On Oct. 5, 1966, Hall and another crew member attempted to rescue a downed American F-4 Phantom jet crew. Numerous attempts failed and on one pass Hall and a crew member were wounded by ground fire. The aircraft’s pilot was ready to abandon the rescue attempt because of the wounded Airmen. Hall, though wounded, insisted he and the other crew member were OK. They made another pass and recovered the F-4 crew.

On Feb. 6, 1967, Hall and a rescue helicopter went to rescue another downed pilot. The weather was foul so they returned to base. Later the same day they returned to rescue the plot. They were hit by heavy ground fire. The helicopter caught fire, lost hydraulic power and spun out of control. Hall and other crew members were killed.

For his bravery, Hall was awarded two Silver Star Medals for Gallantry plus a Purple Heart.

Willard F. Parish in First Major Battle of Vietnam War

parish2Specialist 4 Willard F. Parish was born June 30, 1941, and grew up in Bristow. He entered the Army in November 1963 and trained as a mortarman.

He was awarded the Silver Star for Gallantry in the first major battle in Vietnam between American and North Vietnamese troops. The unit fought in the Ia Drang Valley west of Plei Me at Landing Zone X-Ray on Nov. 14 and 15, 1965. Parish fired an M-60 machine gun during this battle. He would say he looked to the front and “they (the enemy) were growing out of the weeds.”

When he ran out of ammunition, he stood up with a .45-caliber pistol in each hand and continued fighting the enemy force. He was awarded the Silver Star because of his “courage in the face of the enemy, his determination and heroic actions which saved many of his comrades in that area,” his Silver Star citation said. After the Army he was a country and western band leader and worked for the Oklahoma Turnpike Authority.

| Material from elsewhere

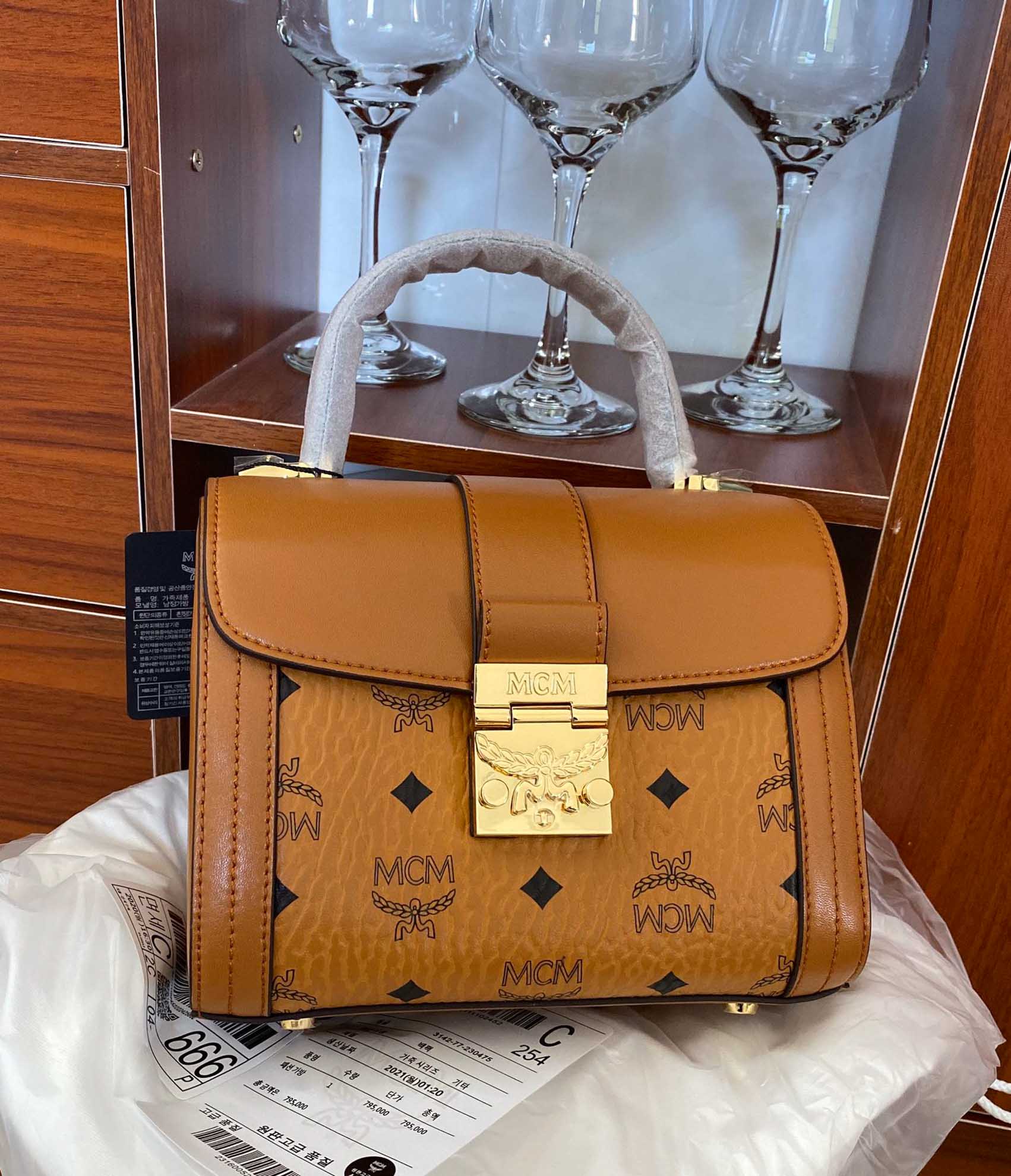 MCM Heritage Satchel In Visetos Cognac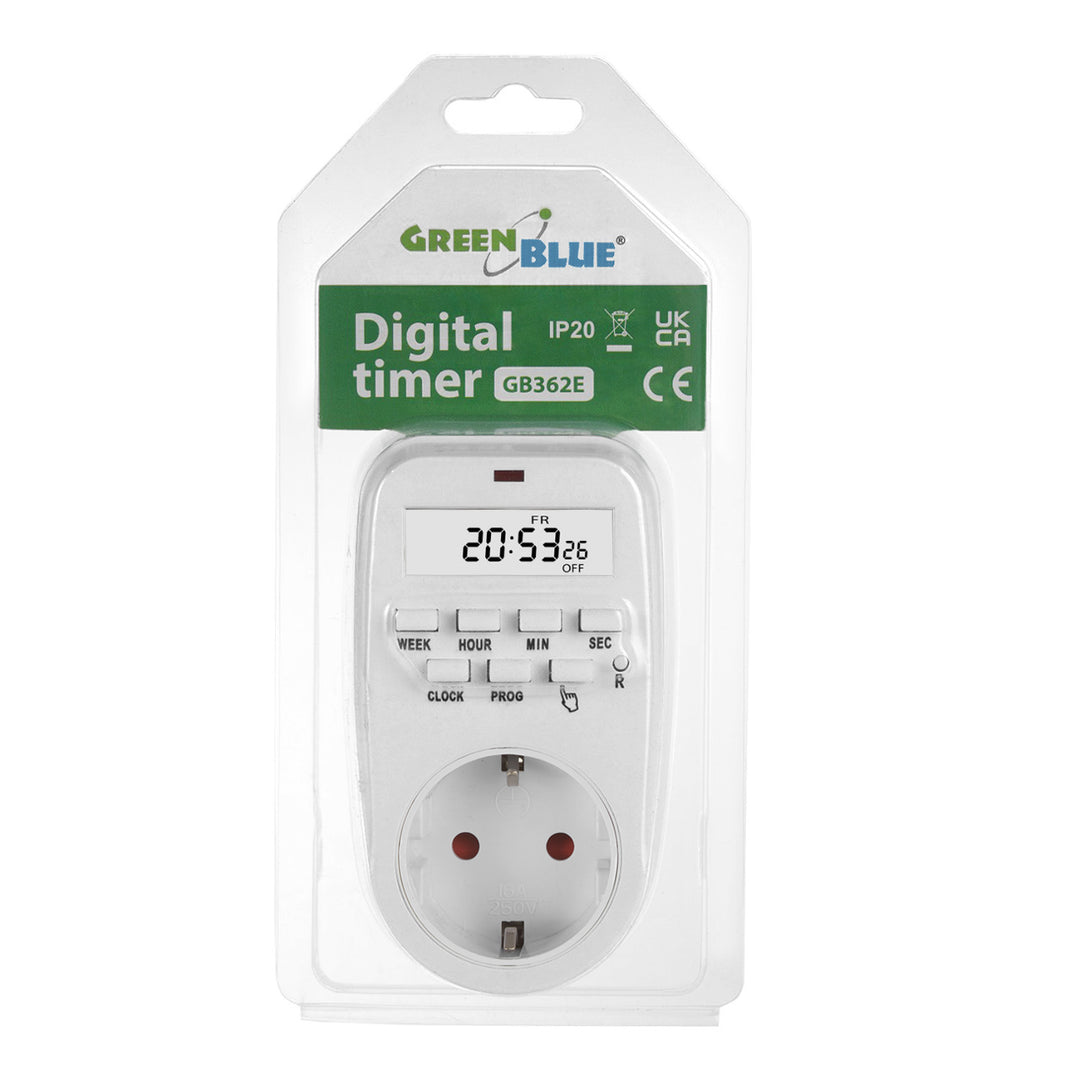 Digitale tijdschakelaar voor buiten SCHUKO IP44 Digitale tijdschakelaar voor buiten SCHUKO IP44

PFC Herman Wallace, Medal of Honor Recipient

wallace2A Marlow native, who was awarded the Medal of Honor posthumously during World War II, will be inducted into the Oklahoma Military Hall of Fame on Oct. 21 in Norman.

Private First Class Herman C. Wallace, who was born in Marlow, Ok., in 1924, was killed on Feb. 27, 1945, when he shielded his fellow soldiers from an exploding mine.

Wallace lived in Texas before the war. He and his family moved from Oklahoma to Texas in 1930 or 1931, for economic reasons, but had deep Oklahoma roots. The family members were farmers, according to a relative.

His parents, Ernest Wallace and Cleatus Shaw, were married in Duncan, Ok. On June 9, 1920. They apparently had lived in Oklahoma some time.

After moving to Texas, Herman Wallace graduated from Lubbock High School and attended Texas Tech University for one year, majoring in engineering.

Wallace joined the Army in 1942 and served in Company B, 301st Engineer Combat Battalion, and 76th Infantry Division. He was killed in action near Prumzurley, Germany while helping clear enemy mines from a road.

Wallace stepped on a well-concealed German S-Type anti-personnel mine. It was called the shrapnel mine or Bouncing Betty because it was thrown into the air, about waist high, and when it exploded it released hundreds of ball bearings, causing many casualties.

Wallace knew falling to the ground in a prone position gave him the best chance to survive, his Medal of Honor citation said. He also knew that doing that would spray the area with fragments and likely kill two of his comrades directly behind him, his citation said. Wallace deliberately put his other foot on the mine and was killed when it exploded.

“Private Wallace was killed when the charge detonated, but his supreme heroism at the cost of his life confined the blast to the ground and his own body and saved his fellow soldiers from death or injury,” his Medal of Honor citation said.

A large installation in the Bad Cannstatt district of Stuttgart, Germany, originally built by Germany, was occupied by American troops after the War. It was named Wallace Barracks in honor of Wallace.